O Rio das Antas talvez seja um dos maiores ícones geográficos da Serra gaúcha. A história da imigração e do desenvolvimento desta região do Rio Grande do Sul se confunde com o serpentear de suas águas, com suas encostas, a flora, a fauna e a vida que foi possível criar às suas margens.
Em maio tive a oportunidade de visitar vários pontos distintos desse rio e um deles foi a histórica e magnífica Ponte dos Korff, em Criúva, distrito de Caxias do Sul, que faz divisa com São Manuel, distrito de Campestre da Serra, antigamente pertencente à Vacaria. Com 110 metros de comprimento cruzando o leito do Rio das Antas, sua estrutura de ferro foi trazida de navio da Alemanha. Junto aos pilares fortes de pedra que sustentam a ponte de quase 20 metros de altura, desde sua inauguração em 1906, é uma visão deslumbrante, quase secreta em meio aos morros e à mata nativa.
No começo do outono, com a seca provocada pelo fenômeno La Niña, pude caminhar pelas pedras lá embaixo junto aos pilares e admirar a imponência daquela obra de engenharia. Fiquei imaginando quanto trabalho foi necessário para trazer de carroça, desde o longínquo porto de Rio Grande, todo aquele ferro. Também pensei como fizeram o cálculo da localização — e, principalmente, da altura da ponte. Como será que decidiram que ali seria o local ideal para ligar as duas metades dos Campos de Cima da Serra, rota de tropeiros e de conexão entre sul e sudeste do Brasil? Imagino que, com 20 metros de altura, algum engenheiro possa ter muito bem imaginado que o rio das Antas, tão plácido numa tarde comum, poderia se transformar num monstro com a força das chuvas.
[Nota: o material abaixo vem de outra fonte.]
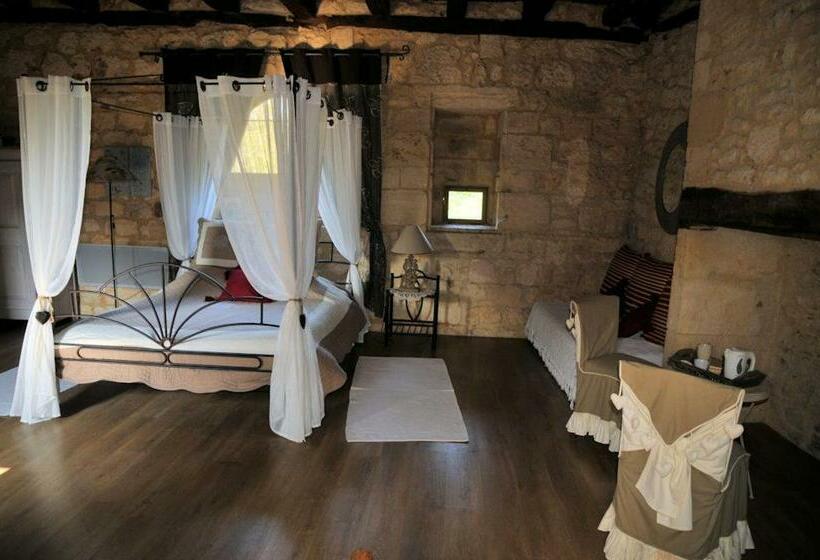 פנסיון Chambres D Hôtes La Licorne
E foi esse monstro que, na última segunda, na agora já histórica enchente de 4 de setembro de 2023, destruiu uma obra muito semelhante à Ponte dos Korff. Foi com imensa tristeza que testemunhei por meio de vídeos que circularam rapidamente nas redes sociais as águas do rio das Antas engolirem a Ponte de Ferro que ligava Farroupilha e Nova Roma do Sul. Mais que um ponto turístico, essa ponte era um pedaço importante da história da região, inaugurada por volta de 1930 e já feita com materiais totalmente nacionais: suas barras de ferro foram forjadas na antiga oficina da Viação Férrea do Rio Grande do Sul em Garibaldi, um reflexo de como a região de colonização italiana se desenvolveu em apenas três décadas.
Ver a Ponte de Ferro ser levada pelas águas do monstro em que o antes plácido rio das Antas se transformou me deu um aperto no coração. Fiquei imaginando que o trabalho de muitos homens, de incontáveis esforços feitos numa época em que tudo era muito mais difícil, meses e meses de empenho desapareceram em minutos carregados pela natureza em seu curso. Se isso não nos faz refletir sobre nosso real tamanho nesse mundo, não sei o que vai fazer.